On the one hand . . . On the other hand . . .

• I can’t get all my work done. . . . I’m not hiring another employee.

• I must learn how to manage my time better. . . . I can’t find the time to make the needed changes in how I use my time.

• We’ve got to stay on budget. . . . I can’t resist making last minute design changes.

Pulled by conflicting attitudes

• We’ve got to watch costs. . . . I can’t be bothered to review the financials.

• Low margins are killing us. . . . I can’t bring myself to raise prices.

• I’ve got to take more time away from the business. . . . I can’t leave my managers alone. I can’t totally trust them.

• I need more skilled employees. . . . I’m afraid I’ll just train my own competition. I’m afraid I won’t have enough work to keep them busy.

• I need more sales. . . . Marketing scares me. I wish customers would just come.

• I get so tangled up in day-to-day operations that I lose sight of my vision. . . . I doubt the value of having a plan.

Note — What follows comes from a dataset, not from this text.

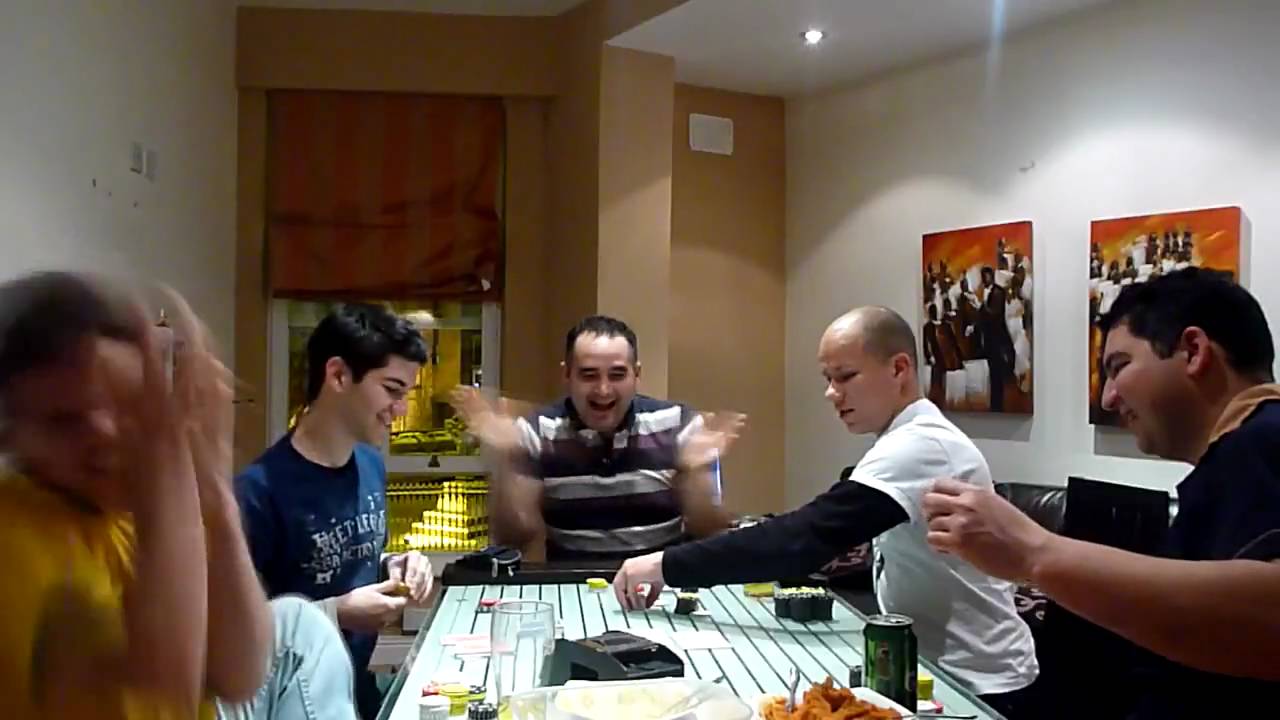 Poker Night in Dublin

• I want to ease up and work fewer hours. . . . I can’t change my belief that hard work is necessary.

If you are nodding your head, “Yep, that’s me!” for any of these, you’re not alone. Crazy makers like these bog down many entrepreneurs.

This is the theme of my new ebook, “The Inner Game of Growth,” which shows you how to resolve these crazy makers.

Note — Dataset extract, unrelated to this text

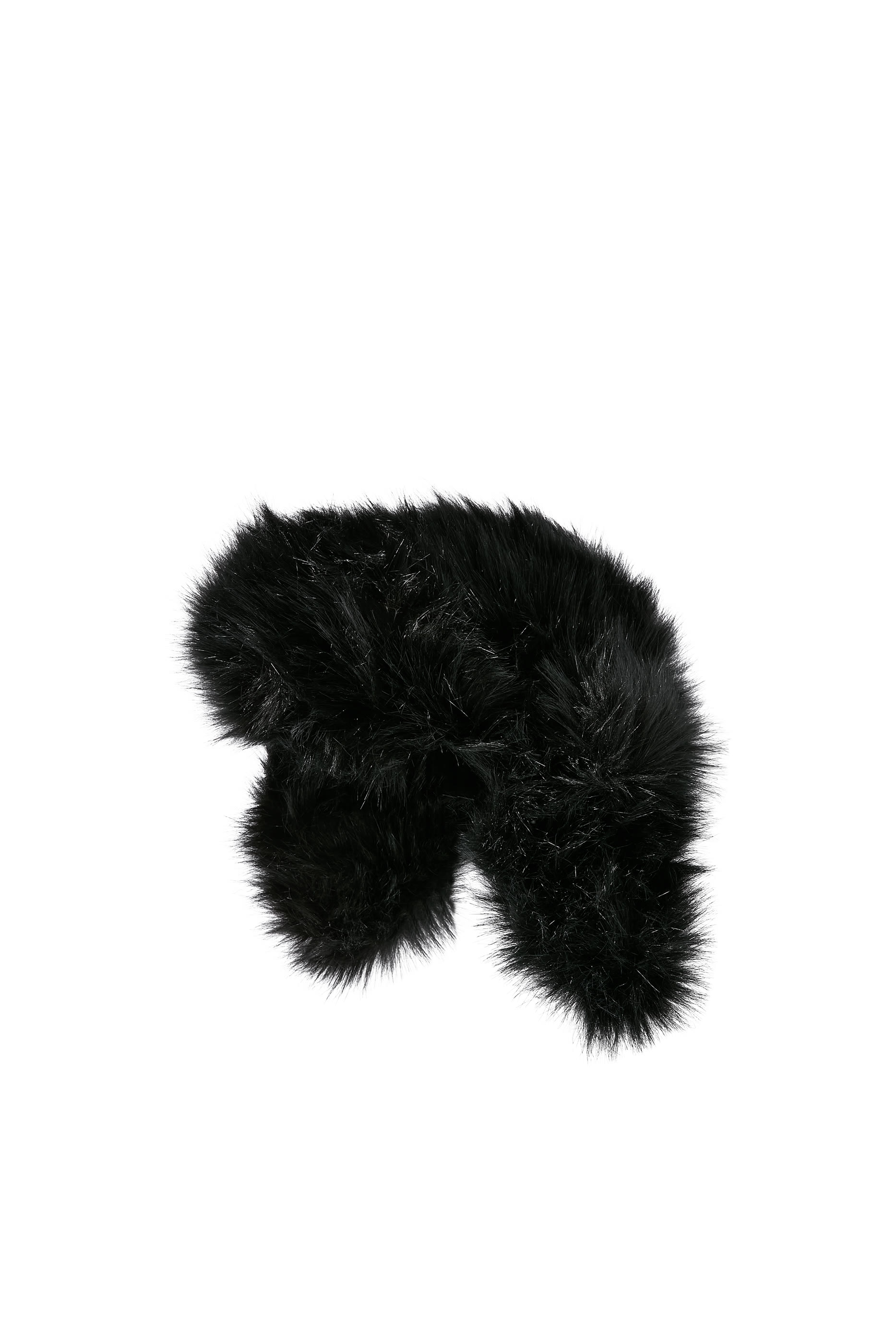 Faux-Fur Aviator Hat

I also offer you a freebie phone session on how to tackle contradictory attitudes like this using two simple tools. Just call me, 415-491-1896.

April 10, 2012

To Thrive, Banish Doom and Gloom

“I let myself get discouraged by telling and retelling the same old story of woe about how bad things were. This was killing the business. During the plan workshop, I wrote it all out in excruciating detail, took one last look and then tore it up in little pieces. Now the slate is clean for the coming year. From now on, I’m talking about how we’re laying the groundwork for recovery.”

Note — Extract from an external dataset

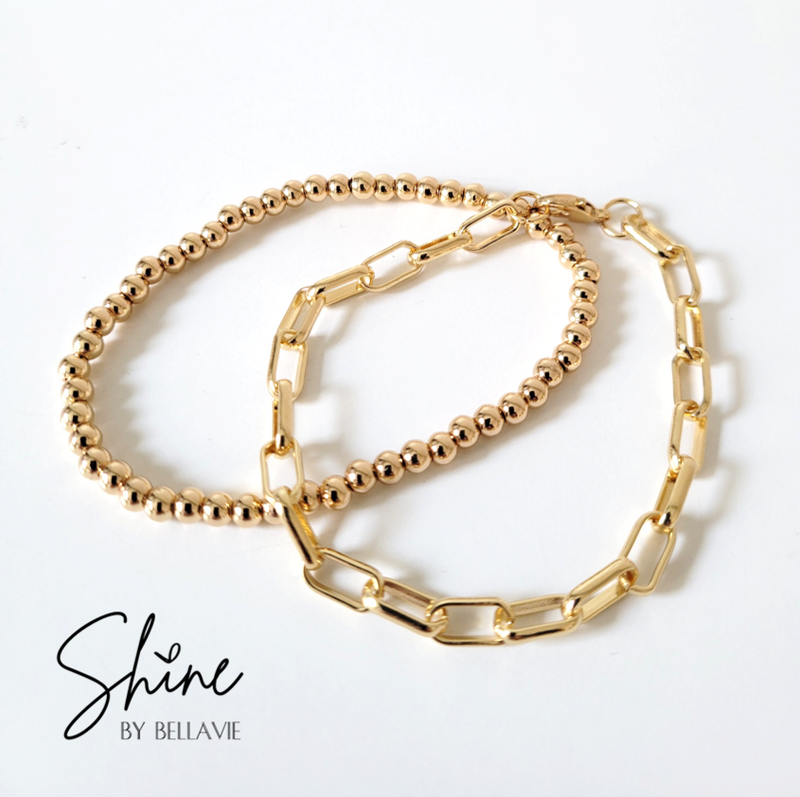Brit Bracelet Duo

You do the same. And don’t hang with doom and gloomers; stick with the problem solvers.

“The last two years have been humbling. I saw how arrogant I’d been. We assumed that growth would just keep going. But when the phone stopped ringing, we had to relearn Marketing 101. For example, setting targets for number of new clients, and tactics how to bring them in. We should have been doing this all along.”

This is one of the lessons in How to Thrive in Tough Times—Lessons From Small Business Owners–my newest ebook, just posted on Amazon for Kindle, iPad, etc. for $2.99.

November 29, 2011

Business growth dilemma #3: Grow profit while you keep personal touch

Many businesses lose their personal touch as they grow. This is the classic struggle between “corporate bean counters”—profitable and impersonal, and “mom and pop”–small and happy but poor and hard working.

We know that growth and profitability spring from good systems and procedures. The things you used to make up as you go along, you must now do by the book. Everything you do must make the numbers. Alas, the personal touch that customers love seems threatened.

So how can you retain your personal touch while improving efficiency, productivity—and profitability?

It requires a shift in attitude.

The owner of a retail store said to me, “My employees—and me also—used to resist all these systems and procedures. We wanted to serve each customer in our individual way. But we found that systematizing the routine things allowed us to be more creative and personal with customers. And customers loved the consistency and predictability in our operations.”

Another owner said, “My business is an expression of my soul. So if I wasn’t there all the time, the business suffered. So I was chained to the business. To launch a second location, I had to find a way to ‘bottle my soul’ and train others to run things by my values and standards. And they still have to make their numbers!”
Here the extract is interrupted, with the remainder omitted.